On regroupe sous cette étiquette toutes les remarques qui, dans un texte narratif, portent sur la vie intérieur du personnage, présentent ses sentiments, ses impressions… ( Toutefois, la peur ne venait chez lui qu’en seconde ligne. Il était surtout scandalisé de ce bruit qui lui faisait mal aux oreilles, Stendhal, La Chartreuse de Parme ). Le récit de pensée permet donc, avec le discours intérieur (qui présente les pensées verbales du personnage) de rendre compte de la vie intime d’une conscience.

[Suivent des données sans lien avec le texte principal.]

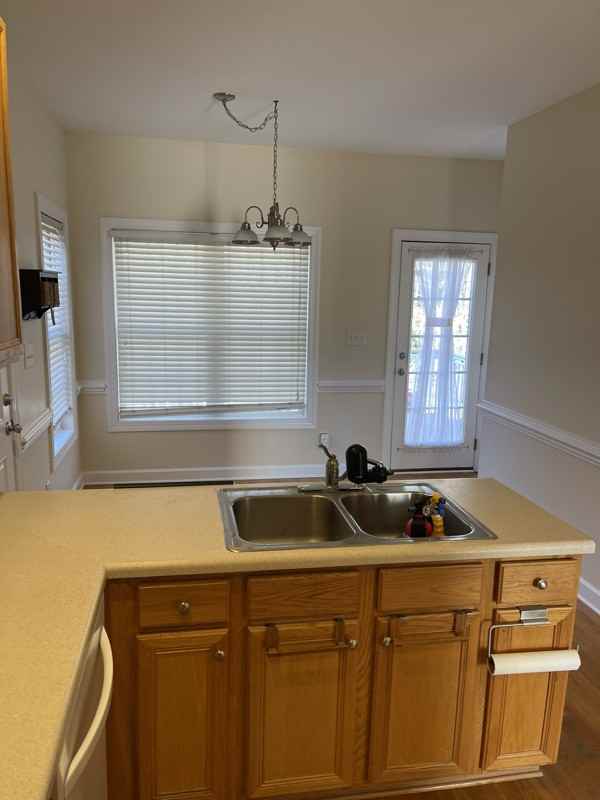 1029 Caladium Dr - Photo 6 of 8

On emploie parfois aussi, avec le même sens, « psychorécit », qui traduit l’anglais psycho-narration (D. Cohn).

Récit/Roman

De nombreux écrivains et critiques ont repris la distinction récit/roman proposé par André Gide dans les années 1920. Alors que le roman tend à rendre compte du monde dans sa complexité et saisit l’occasion d’une ligne narrative pour déployer la réalité sous les yeux du lecteur, le récit présente les événements pour eux-mêmes, excluant autant que possible l’interférence de toute ambition non narrative. L’opposition est donc plus esthétique que vraiment générique : il s’agit bien dans les deux cas de narration fictionnelle, mais le récit oppose un souci constant de sobriété au foisonnement du romanesque. De fait, le récit est souvent bref, linéaire, à la première personne. On pourra opposer, sur cette base, Isabelle (1912) et Les Faux-monnayeurs (1925) de Gide, Alexis (1929) et L’Oeuvre au  noir (1968) de Marguerite Yourcenar.